A null route for the ‘request after finish’ callback.

Parameters:
  • queue (nyawc.Queue) – The current crawling queue.
  • queue_item (nyawc.QueueItem) – The queue item that was finished.
  • list (new_queue_items) – The new queue items that were found in the one that finished.
Returns:

A crawler action (either DO_STOP_CRAWLING or DO_CONTINUE_CRAWLING).

Return type:

str

_OptionsCallbacks__null_route_request_before_start(queue, queue_item)[source]

A null route for the ‘request before start’ callback.

Parameters:
Returns:

A crawler action (either DO_SKIP_TO_NEXT, DO_STOP_CRAWLING or DO_CONTINUE_CRAWLING).

Return type:

str

_OptionsCallbacks__null_route_request_in_thread_after_finish(queue_item)[source]

A null route for the ‘request in thread after finish’ callback.

Parameters:queue_item (nyawc.QueueItem) – The queue item that was finished.

Note

This method gets called in the crawling thread and is therefore not thread safe.

_OptionsCallbacks__null_route_request_in_thread_before_start(queue_item)[source]

A null route for the ‘request in thread before start’ callback.

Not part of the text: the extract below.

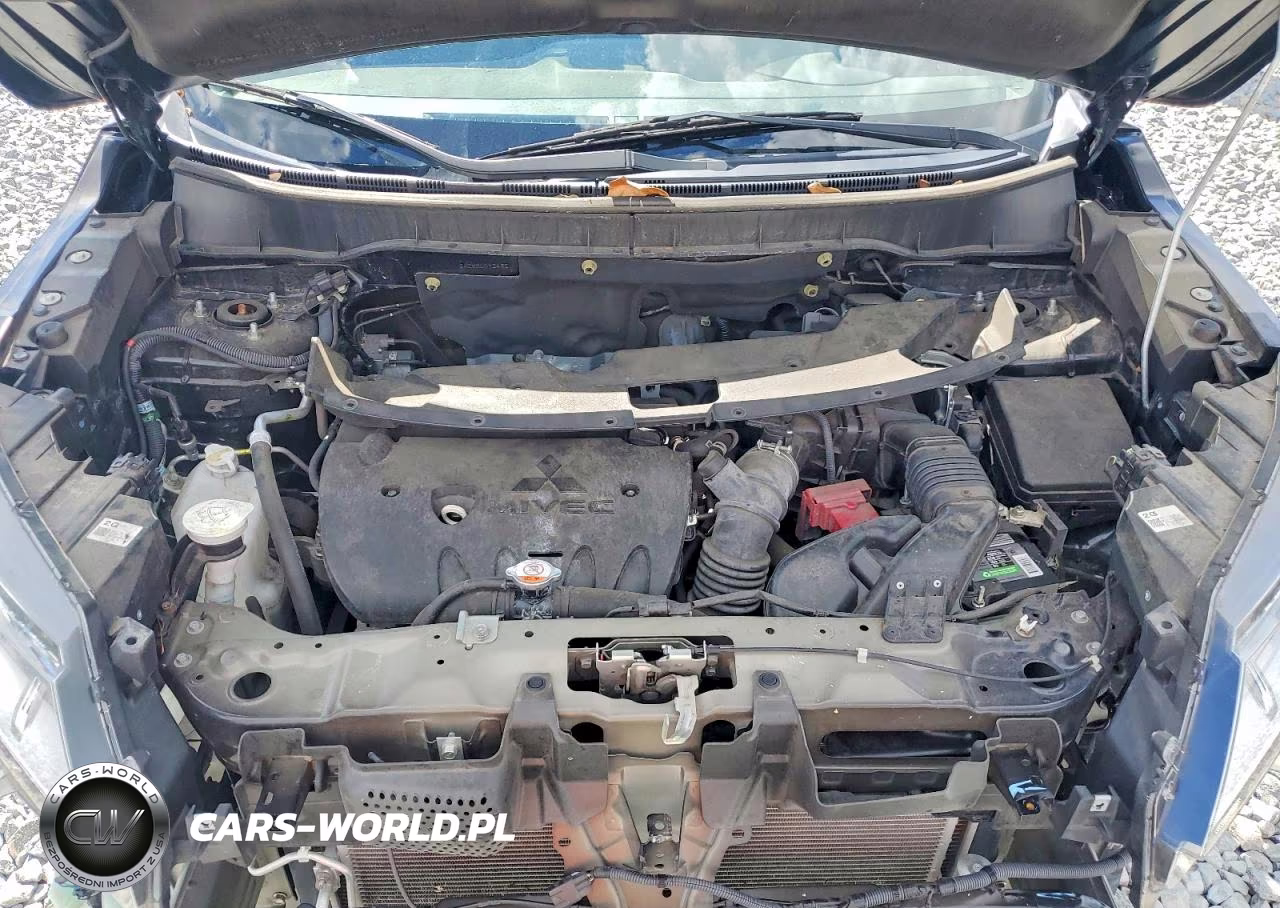 2022 Mitsubishi Outlander Sport Es VIN:JA4ARUAU2NU012485 - 11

Parameters:queue_item (nyawc.QueueItem) – The queue item that was finished.

Note

This method gets called in the crawling thread and is therefore not thread safe.

_OptionsCallbacks__null_route_request_on_error(queue_item, message)[source]

A null route for the ‘request on error’ callback.

Parameters:
  • queue_item (nyawc.QueueItem) – The queue item that was finished.
  • str (message) – The error message.
__init__()[source]

Constructs an OptionsCallbacks instance.

class nyawc.Options.OptionsIdentity[source]

Bases: object

The OptionsIdentity class contains the identity/footprint options.

auth[source]

obj – The (requests module) authentication class to use when making a request. For more information check http://docs.python-requests.org/en/master/user/authentication/.

cookies[source]

obj – The (requests module) cookie jar to use when making a request. For more information check http://docs.python-requests.org/en/master/user/quickstart/#cookies.

headers[source]

obj – The headers {key: value} to use when making a request.

proxies[source]

obj – The proxies {key: value} to use when making a request. For more information check http://docs.python-requests.org/en/master/user/advanced/#proxies.

__init__()[source]

Constructs an OptionsIdentity instance.

class nyawc.Options.OptionsMisc[source]

Bases: object

The OptionsMisc class contains all kind of misc options.

debug[source]

bool – If debug is enabled extra information will be logged to the console. Default is False.

__init__()[source]

Constructs an OptionsMisc instance.

class nyawc.Options.OptionsPerformance[source]

Bases: object

The OptionsPerformance class contains the performance options.

max_threads[source]

obj – the maximum amount of simultaneous threads to use for crawling.

__init__()[source]

Constructs an OptionsPerformance instance.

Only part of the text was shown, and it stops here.